John's  bushings pop when I pull them out of the tube, and won't even go in if  the tube isn't clean.  I had to think about how to word that...:tongue:

Looking forward to being a tester for Lee.

Harry


----------



## Novicewoodworker (Feb 1, 2014)

I, also, would like to see some slimline TBC bushings.


----------



## monark88 (Feb 1, 2014)

Majestic Jr, Squire, Cigar.


----------



## LeeR (Feb 1, 2014)

Dan Masshardt said:


> Having a few to individuals to judge as you say is a good idea.
> 
> Lee, nobody is doubting the quality of the machine or your friend.
> 
> ...



Dan,

I appreciate your comments.  But, as I said, nobody here knows me, so I would expect some uncertainty from members of this forum.  So far, I am very encouraged by the support and enthusiasm expressed here and in PMs to me.

I will probably not post an update until sometime Monday.  I live in Colorado, and so my wife and I, kids and grandkids, are just a bit preoccupied with excitement and anticipation concerning tomorrow's Super Bowl.  

At the risk of alienating a few of you, let me just say ...

GO BRONCOS!


----------



## Smitty37 (Feb 1, 2014)

LeeR said:


> The first pen I turned was a 7mm Streamline Flat Top (mandrel bushing 14A), and I prefer the lines of these to standard Slimlines (bushing 1A). I also have Streamline Round Tops in my inventory, yet another bushing style -- 18A. I guess that would be 3 sets I'd do, probably in the future. Unless the overwhelming response is Slimline or variants!


comfort and creekline (Not exactly the same as streamline round top)


----------



## thewishman (Feb 2, 2014)

Sketch pencil bushings would make me very happy!


----------



## BSea (Feb 2, 2014)

I voted no, but that's just because I have most of the bushings I need from John. If you can make bushings to his quality, you'll have a winner.  I don't know if you'll make much money, but I believe you'll have a steady business. 
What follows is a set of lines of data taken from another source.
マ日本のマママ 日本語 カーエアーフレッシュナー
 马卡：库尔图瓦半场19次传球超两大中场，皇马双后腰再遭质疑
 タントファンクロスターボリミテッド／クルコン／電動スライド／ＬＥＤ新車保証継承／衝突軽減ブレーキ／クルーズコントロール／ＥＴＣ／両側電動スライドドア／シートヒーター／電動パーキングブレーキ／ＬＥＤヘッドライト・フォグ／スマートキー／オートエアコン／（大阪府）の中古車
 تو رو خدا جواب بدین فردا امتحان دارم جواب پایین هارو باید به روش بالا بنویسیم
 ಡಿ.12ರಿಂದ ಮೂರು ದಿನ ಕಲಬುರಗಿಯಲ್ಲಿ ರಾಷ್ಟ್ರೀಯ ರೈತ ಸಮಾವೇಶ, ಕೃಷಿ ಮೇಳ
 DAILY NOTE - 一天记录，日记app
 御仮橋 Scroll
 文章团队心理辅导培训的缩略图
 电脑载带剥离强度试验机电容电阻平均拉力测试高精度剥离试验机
Good luck if you decide to do this.


----------



## Dale Allen (Feb 2, 2014)

I have some of Johnny's bushings.  They were part of my switch to TBC.
However, there are many bushings that you will not find on his site, and I believe for good reason.  The 7mm is so common it is understandable that it was offered.
And, the 7mm tube from my experience has been consistent from one source to another.
Not so with other kits and I'm wondering if that is why there are not more offered.
Seems to me that John made the pen he has bushings for so he knew full well what the specs on the bushings needed to be, and many of them were the better kits.  As I recall, there are notes indicating that a particular set would not fit a particular kit.  I'd say that is because he had experience with that kit or was informed by a customer.  There is so much variation in the 'exact' ID of the various brass bushings that there is little chance that a bushing set for a kit that takes an 'O' bit will work for all kits that use that bit.  I make some from brass and often find the need to make a new one for a kit simply because the brass size on the new batch is slightly different.
How many times have we seen someone on this site advise someone to measure the tube before you drill so you get the best fit.  Same with bushings, IMHO


----------



## Smitty37 (Feb 2, 2014)

Tubes and bushings all have a tolerance in their spec.  The tighter the tolerance the more expensive the item is to make so the more it will cost to buy.  Except for very high end items the specs are (for cost reasons) a bit loose. So if you buy one batch at the high end of the tolerance in one direction and the next batch is at the high end of the tolerance in the other direction you can have a fairly large difference.  In any one batch the tolerances will tend to be in the same direction.


----------



## LeeR (Feb 3, 2014)

I am sorry to say that this project is a "No Go" at this point.  One thing I failed to realize is that a seemingly simple part like a bushing is not effectively done on a vertical machining center; a CNC lathe is required to keep material handling minimized.  My friend Eric does not have a CNC lathe -- yet. So, there is some possibility I try this again in the future, barring someone else from entering the market to supply an obviously much desired product.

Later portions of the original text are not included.